Tentu saja jika KIP-K didapatkan oleh orang yang salah sasaran maka dampaknya adalah calon penerima yang seharusnya mendapatkan bantuan tersebut tidak berkesempatan untuk melanjutkan pendidikan dan kesempatan untuk memperbaiki taraf hidupnya juga semakin kecil. Salah satu kasus salah sasaran penerima KIP-K yang kini sedang hangat diperbincangkan di sosial media adalah viralnya kasus salah satu mahasiswa influencer yang menerima KIP-K. Kasus ini mulai menjadi perbincangan ketika suatu akun di media sosial membagikan kekecewaannya terhadap seorang mahasiswi penerima KIP-K dari salah satu universitas di Semarang. KIP-K yang sepatutnya diterima oleh mahasiswa dengan keterbatasan finansial justru diberikan kepada mahasiswi yang kerap membagikan gaya hidup yang mewah di akun media sosialnya. Gaya hidup yang dibagikan termasuk foto-foto gadget kepunyaannya yang bernilai puluhan juta rupiah serta barang-barang branded lain yang ia miliki.

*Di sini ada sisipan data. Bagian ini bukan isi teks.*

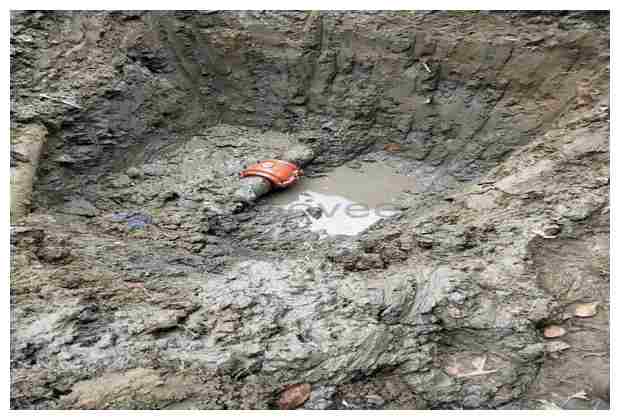 暖氣管道清洗視頻教學(xué)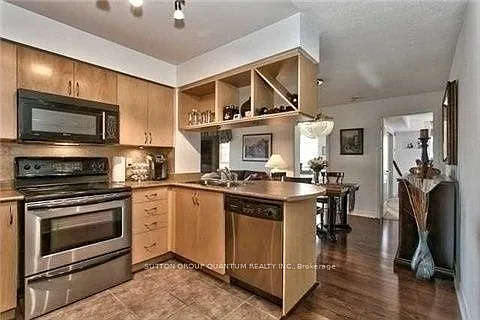 4090 Living Arts Dr — Photo 4
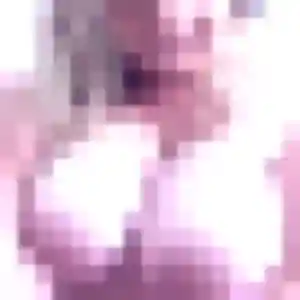 Photo de Salima à Thodure (31 ans) - plan cul gratuit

Melihat tindakan tersebut, banyak warganet yang menyalurkan amarahnya dengan berkomentar maupun melakukan hal lainnya. Mereka berpendapat bahwa KIP-K yang dimiliki mahasiswi tersebut merupakan hak orang lain yang jauh lebih membutuhkan, dibandingkan dirinya yang sudah sangat berkecukupan. Merespon kecaman dari masyarakat, mahasiswi tersebut akhirnya mengundurkan diri dari program KIP-K yang diterimanya dan melakukan klarifikasi di akun pribadinya.

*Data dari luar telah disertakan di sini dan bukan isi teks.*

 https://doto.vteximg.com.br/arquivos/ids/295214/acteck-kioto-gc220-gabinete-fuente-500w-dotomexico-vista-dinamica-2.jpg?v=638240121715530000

Melihat salah satu kasus tersebut dapat dijadikan sebagai contoh bawasannya KIP-K tidak dipungkiri memiliki peluang untuk dicurangi atau salah sasaran. Masyarakat berharap pemerintah dapat memperbaiki system penerimaan dengan system yang lebih baik agar hal serupa tidak terjadi karena dampak dari hal ini sangat besar dan langsung dirasakan bagi calon penerima KIP-K yang benar-benar membutuhkan bantuan pemerintah ini.